All these explanations for profligacy make perfect sense, I suppose--but less so in light of Filmmaker magazine's latest charts listing box-office receipts for films that premiered the previous year at Sundance. Rarely if ever offering proof of anything like a bona fide "indie" gold rush, these dispiriting figures seem strategically timed to offer a wake-up call to spendthrift acquisitions people--who invariably choose not to heed it. But this year's results are particularly grim. Not counting Memento, the average box-office take last year of a Sundance-premiering movie was less than a million bucks--measured against the untold millions spent by mini-major distributors to release these turkeys.

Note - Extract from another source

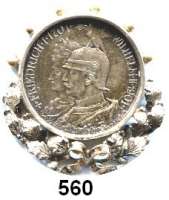 R E I C H S M Ü N Z E N,Münzschmuck  Preußen, 2 Mark 1901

So why on earth do these companies continue to invest their fortunes in a losing proposition? Is it because their corporate parents--whose annual reports are hardly dependent on the successes of a few medium-budget movies--need them to appear "edgy" and "arty" for the purpose of titillating like-minded shareholders? Is it so that executives can have a place to ski and schmooze every January? Or--the least likely theory--do they actually believe that they're making the world a better place by subsidizing great works of art?

I guess I have to say that I don't really know. One thing I do know, however, is that my favorite Sundance documentary this year is--conveniently--a highly personal response to corporate ignorance and greed. In Blue Vinyl, co-directed by Judith Helfand and Daniel Gold, what initially appears as a classist poke at suburban domestic kitsch (Get a load of the tacky vinyl siding on those Long Island ramblers!) peels away to reveal something far more textured and humane. And no wonder. Helfand's entrée into the topic of "poison plastic" is, well, two-sided: Her own parents are among those North Americans who account for a new vinyl-lined home every three seconds; and her own bout with cervical cancer (profiled in her earlier film A Healthy Baby Girl) informs Helfand's mission as an activist documentarian specializing in issues of chemical toxicity. The fact that she and her colleague Gold apply a thick sense of humor to their storytelling structure gives Blue Vinyl yet another layer of substance.